Mishnaic Hebrew | |
---|---|
Hebrew: לשון חז"ל, romanized: Ləšon Ḥazal | |
Region | Judaea, Syria Palaestina |
Era | Developed from Biblical Hebrew in the 1st century CE; continued as Medieval Hebrew as an academic language after dying out as a spoken native language in the 4th century |
Early form | |
Hebrew alphabet | |
Language codes | |
ISO 639-3 | – |
Glottolog | None |
Mishnaic Hebrew (Hebrew: לשון חז"ל, romanized: Ləšon Ḥazal "Language of the Sages") is the Hebrew language of Talmudic texts. Mishnaic Hebrew can be sub-divided into Mishnaic Hebrew proper (also called Tannaitic Hebrew, Early Rabbinic Hebrew, or Mishnaic Hebrew I), which was a spoken language, and Amoraic Hebrew (also called Late Rabbinic Hebrew or Mishnaic Hebrew II), which was a literary language only.

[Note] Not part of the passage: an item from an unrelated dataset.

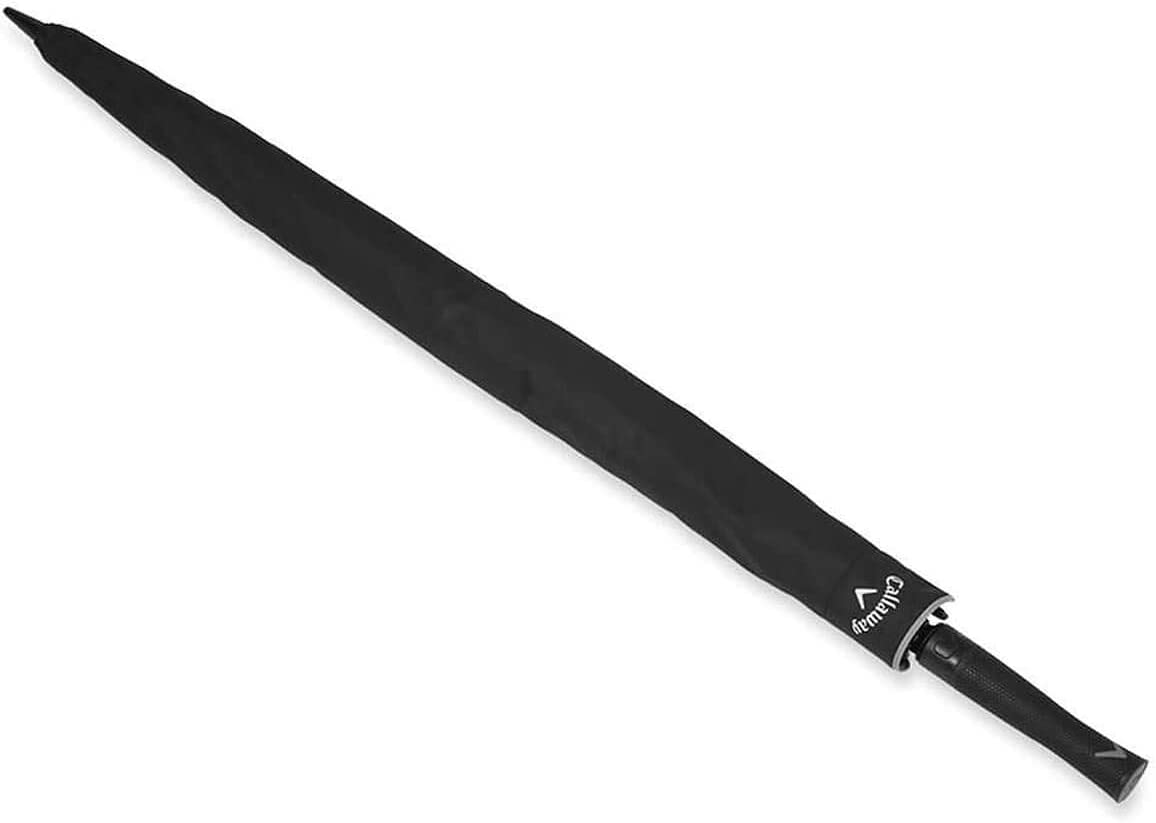 Custom umbrella Golf 68 Tour Authentic Umbrella BLACK/GREY/WHITE" - Image 3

The Mishnaic Hebrew language, or Early Rabbinic Hebrew language, is one of the direct ancient descendants of Biblical Hebrew as preserved after the Babylonian captivity, and definitively recorded by Jewish sages in writing the Mishnah and other contemporary documents.
A transitional form of the language occurs in the other works of Tannaitic literature dating from the century beginning with the completion of the Mishnah. These include the halakhic midrashim (Sifra, Sifre, Mekhilta of Rabbi Ishmael etc.) and the expanded collection of Mishnah-related material known as the Tosefta. The Talmud contains excerpts from these works, as well as further Tannaitic material not attested elsewhere; the generic term for these passages is baraitot. The language of all these works is very similar to Mishnaic Hebrew.